G.Skill takes Ripjaws SO-DIMM to DDR3-2600MHz on ASRock M8by Ian Cutress on February 21, 2014 4:20 PM EST
One of the many issues presented with a SO-DIMM capable system, whether laptop or desktop, is one of performance. In our recent Haswell memory scaling article using regular sized DIMMs, the high-performance sweet spot for memory was around the 2133 MHz CAS 9 or 2400 MHz CAS 10 marks. The issue with SO-DIMM systems is that memory often starts at 1333 CAS 9 or 1600 CAS 11, but in recent months companies like G.Skill, Corsair and Kingston have released higher specification SO-DIMM kits, up to 2133 CAS 11. This is still a little way off our sweet spot, but on the road. The main barrier to this incidentally is the lack of XMP support on laptops and mobile devices, firmly shutting the door on speeds above 1600 MHz without a modified BIOS.
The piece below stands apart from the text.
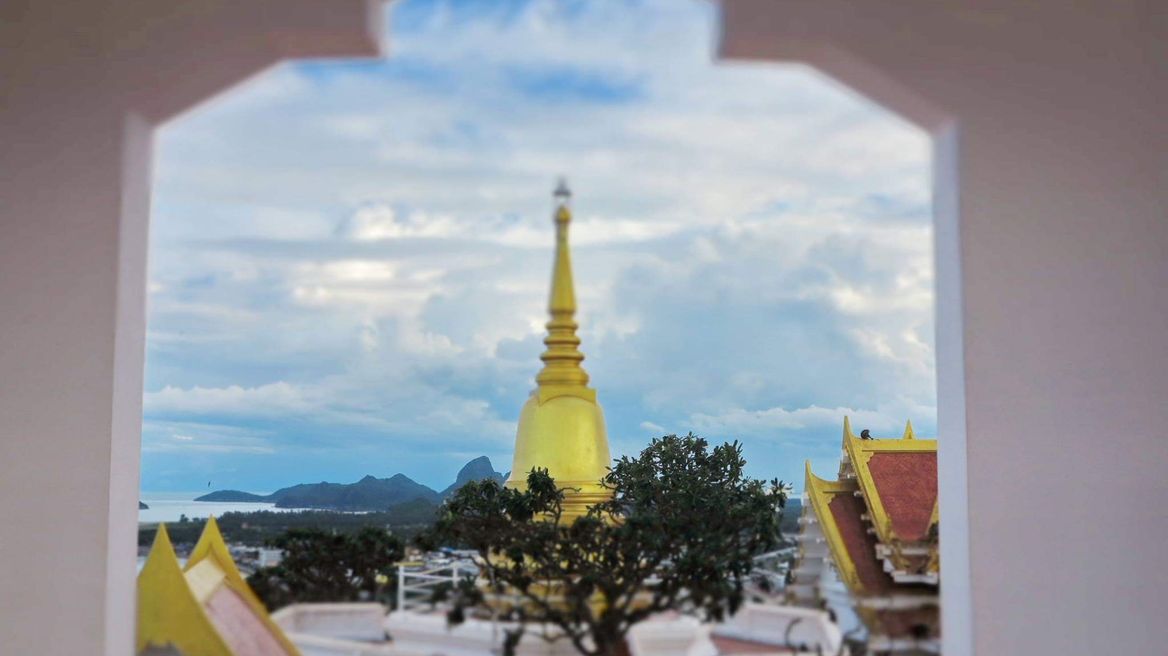 Temple on mountain at "Chong kra jok" mountain.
While we are doing some in-house memory scaling testing regarding SO-DIMM, G.Skill went ahead with some testing using the main overclockable motherboard for SO-DIMMs: the ASRock M8. We reviewed the ASRock M8 as a Steam Box alternative last year capable of handling an i7-4770 CPU and a 250W GPU and gave it a Silver Award for industrial design.
For the overclocking test, G.Skill use their DDR3L-2133 MHz CAS 11 2x4GB 1.35V memory kit and boost the final speed to DDR3-2600 12-14-14. Back in our memory scaling article we introduced the concept of a memory Performance Index as a rough guide to performance, and this memory kit started at a PI of 193 and ended on 217, or a 12.4% increase in potential performance.
While G.Skill have jumped us in terms of showing that these speeds are possible, it remains to see if memory manufacturers will go ahead and make SO-DIMM modules at this speed. Or ultimately what matters more is that the platforms that use them (especially laptops and SFF) will actually adhere to XMP and allow us to enable it without any fuss. There are speed gains to be had by moving up from the industry default of 1600 MHz CAS 11 as we showed in our Haswell memory scaling article, but there needs to be a paradigm shift from the manufacturers that implement SO-DIMM. If the SO-DIMM modules come up to par with regular DIMMs, there might be a future where motherboard memory makes the transition.